:: The data

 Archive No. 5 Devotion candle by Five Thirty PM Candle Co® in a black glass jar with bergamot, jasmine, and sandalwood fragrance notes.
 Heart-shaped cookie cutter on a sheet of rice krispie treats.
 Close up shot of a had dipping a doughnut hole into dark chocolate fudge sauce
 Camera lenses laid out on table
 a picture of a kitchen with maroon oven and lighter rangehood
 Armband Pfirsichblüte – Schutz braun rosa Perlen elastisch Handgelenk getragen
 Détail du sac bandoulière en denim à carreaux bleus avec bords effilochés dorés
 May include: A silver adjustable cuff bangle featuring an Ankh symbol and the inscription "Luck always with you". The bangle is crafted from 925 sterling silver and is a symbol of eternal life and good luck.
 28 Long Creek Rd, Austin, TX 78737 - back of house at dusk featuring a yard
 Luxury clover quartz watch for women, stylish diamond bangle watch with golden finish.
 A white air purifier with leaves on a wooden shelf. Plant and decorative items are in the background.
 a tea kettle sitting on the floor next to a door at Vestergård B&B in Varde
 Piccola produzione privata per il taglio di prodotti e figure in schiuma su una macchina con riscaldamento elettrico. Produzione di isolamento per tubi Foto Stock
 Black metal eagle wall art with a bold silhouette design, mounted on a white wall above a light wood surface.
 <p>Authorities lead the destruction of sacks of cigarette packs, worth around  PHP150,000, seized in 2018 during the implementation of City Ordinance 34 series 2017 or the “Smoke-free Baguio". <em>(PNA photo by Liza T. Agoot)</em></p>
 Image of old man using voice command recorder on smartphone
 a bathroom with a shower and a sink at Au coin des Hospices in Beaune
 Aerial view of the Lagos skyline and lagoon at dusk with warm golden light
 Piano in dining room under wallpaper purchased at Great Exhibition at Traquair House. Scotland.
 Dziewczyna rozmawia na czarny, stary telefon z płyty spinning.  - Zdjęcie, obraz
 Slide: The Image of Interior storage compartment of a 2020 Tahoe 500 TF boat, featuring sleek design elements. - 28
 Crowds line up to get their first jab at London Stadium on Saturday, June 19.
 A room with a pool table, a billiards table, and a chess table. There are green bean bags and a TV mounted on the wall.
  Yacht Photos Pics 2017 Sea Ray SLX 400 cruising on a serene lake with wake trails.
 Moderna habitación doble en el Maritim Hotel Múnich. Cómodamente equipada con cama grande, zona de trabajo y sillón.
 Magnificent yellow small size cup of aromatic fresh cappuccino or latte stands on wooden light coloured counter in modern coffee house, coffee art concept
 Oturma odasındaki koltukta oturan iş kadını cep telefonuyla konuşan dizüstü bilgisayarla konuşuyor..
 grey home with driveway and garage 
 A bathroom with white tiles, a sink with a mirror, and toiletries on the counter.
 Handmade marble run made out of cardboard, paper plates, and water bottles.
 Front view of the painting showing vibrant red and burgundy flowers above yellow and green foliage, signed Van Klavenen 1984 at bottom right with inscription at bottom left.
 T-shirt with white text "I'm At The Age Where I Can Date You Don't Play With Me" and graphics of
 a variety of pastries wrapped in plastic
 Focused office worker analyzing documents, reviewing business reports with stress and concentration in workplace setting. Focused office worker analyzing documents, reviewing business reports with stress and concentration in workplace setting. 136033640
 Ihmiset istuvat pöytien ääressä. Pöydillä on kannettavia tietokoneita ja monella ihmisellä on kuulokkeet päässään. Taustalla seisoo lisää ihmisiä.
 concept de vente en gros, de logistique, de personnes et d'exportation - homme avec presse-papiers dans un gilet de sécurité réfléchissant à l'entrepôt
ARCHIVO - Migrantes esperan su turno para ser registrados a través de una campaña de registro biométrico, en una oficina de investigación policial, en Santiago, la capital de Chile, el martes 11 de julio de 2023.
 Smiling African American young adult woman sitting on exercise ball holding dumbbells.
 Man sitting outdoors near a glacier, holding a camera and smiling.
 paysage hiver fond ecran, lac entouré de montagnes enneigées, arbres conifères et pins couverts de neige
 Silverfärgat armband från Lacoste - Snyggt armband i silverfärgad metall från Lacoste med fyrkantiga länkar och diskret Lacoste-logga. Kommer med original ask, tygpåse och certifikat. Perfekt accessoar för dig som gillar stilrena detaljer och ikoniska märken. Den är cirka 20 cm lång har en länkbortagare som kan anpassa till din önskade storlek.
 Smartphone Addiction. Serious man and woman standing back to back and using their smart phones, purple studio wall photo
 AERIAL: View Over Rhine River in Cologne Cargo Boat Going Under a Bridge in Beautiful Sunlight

::::

▶ _Task brief_
Could you return all of the data exactly as written?

▶ _Answer area_
 Archive No. 5 Devotion candle by Five Thirty PM Candle Co® in a black glass jar with bergamot, jasmine, and sandalwood fragrance notes.
 Heart-shaped cookie cutter on a sheet of rice krispie treats.
 Close up shot of a had dipping a doughnut hole into dark chocolate fudge sauce
 Camera lenses laid out on table
 a picture of a kitchen with maroon oven and lighter rangehood
 Armband Pfirsichblüte – Schutz braun rosa Perlen elastisch Handgelenk getragen
 Détail du sac bandoulière en denim à carreaux bleus avec bords effilochés dorés
 May include: A silver adjustable cuff bangle featuring an Ankh symbol and the inscription "Luck always with you". The bangle is crafted from 925 sterling silver and is a symbol of eternal life and good luck.
 28 Long Creek Rd, Austin, TX 78737 - back of house at dusk featuring a yard
 Luxury clover quartz watch for women, stylish diamond bangle watch with golden finish.
 A white air purifier with leaves on a wooden shelf. Plant and decorative items are in the background.
 a tea kettle sitting on the floor next to a door at Vestergård B&B in Varde
 Piccola produzione privata per il taglio di prodotti e figure in schiuma su una macchina con riscaldamento elettrico. Produzione di isolamento per tubi Foto Stock
 Black metal eagle wall art with a bold silhouette design, mounted on a white wall above a light wood surface.
 <p>Authorities lead the destruction of sacks of cigarette packs, worth around  PHP150,000, seized in 2018 during the implementation of City Ordinance 34 series 2017 or the “Smoke-free Baguio". <em>(PNA photo by Liza T. Agoot)</em></p>
 Image of old man using voice command recorder on smartphone
 a bathroom with a shower and a sink at Au coin des Hospices in Beaune
 Aerial view of the Lagos skyline and lagoon at dusk with warm golden light
 Piano in dining room under wallpaper purchased at Great Exhibition at Traquair House. Scotland.
 Dziewczyna rozmawia na czarny, stary telefon z płyty spinning.  - Zdjęcie, obraz
 Slide: The Image of Interior storage compartment of a 2020 Tahoe 500 TF boat, featuring sleek design elements. - 28
 Crowds line up to get their first jab at London Stadium on Saturday, June 19.
 A room with a pool table, a billiards table, and a chess table. There are green bean bags and a TV mounted on the wall.
  Yacht Photos Pics 2017 Sea Ray SLX 400 cruising on a serene lake with wake trails.
 Moderna habitación doble en el Maritim Hotel Múnich. Cómodamente equipada con cama grande, zona de trabajo y sillón.
 Magnificent yellow small size cup of aromatic fresh cappuccino or latte stands on wooden light coloured counter in modern coffee house, coffee art concept
 Oturma odasındaki koltukta oturan iş kadını cep telefonuyla konuşan dizüstü bilgisayarla konuşuyor..
 grey home with driveway and garage 
 A bathroom with white tiles, a sink with a mirror, and toiletries on the counter.
 Handmade marble run made out of cardboard, paper plates, and water bottles.
 Front view of the painting showing vibrant red and burgundy flowers above yellow and green foliage, signed Van Klavenen 1984 at bottom right with inscription at bottom left.
 T-shirt with white text "I'm At The Age Where I Can Date You Don't Play With Me" and graphics of
 a variety of pastries wrapped in plastic
 Focused office worker analyzing documents, reviewing business reports with stress and concentration in workplace setting. Focused office worker analyzing documents, reviewing business reports with stress and concentration in workplace setting. 136033640
 Ihmiset istuvat pöytien ääressä. Pöydillä on kannettavia tietokoneita ja monella ihmisellä on kuulokkeet päässään. Taustalla seisoo lisää ihmisiä.
 concept de vente en gros, de logistique, de personnes et d'exportation - homme avec presse-papiers dans un gilet de sécurité réfléchissant à l'entrepôt
ARCHIVO - Migrantes esperan su turno para ser registrados a través de una campaña de registro biométrico, en una oficina de investigación policial, en Santiago, la capital de Chile, el martes 11 de julio de 2023.
 Smiling African American young adult woman sitting on exercise ball holding dumbbells.
 Man sitting outdoors near a glacier, holding a camera and smiling.
 paysage hiver fond ecran, lac entouré de montagnes enneigées, arbres conifères et pins couverts de neige
 Silverfärgat armband från Lacoste - Snyggt armband i silverfärgad metall från Lacoste med fyrkantiga länkar och diskret Lacoste-logga. Kommer med original ask, tygpåse och certifikat. Perfekt accessoar för dig som gillar stilrena detaljer och ikoniska märken. Den är cirka 20 cm lång har en länkbortagare som kan anpassa till din önskade storlek.
 Smartphone Addiction. Serious man and woman standing back to back and using their smart phones, purple studio wall photo
 AERIAL: View Over Rhine River in Cologne Cargo Boat Going Under a Bridge in Beautiful Sunlight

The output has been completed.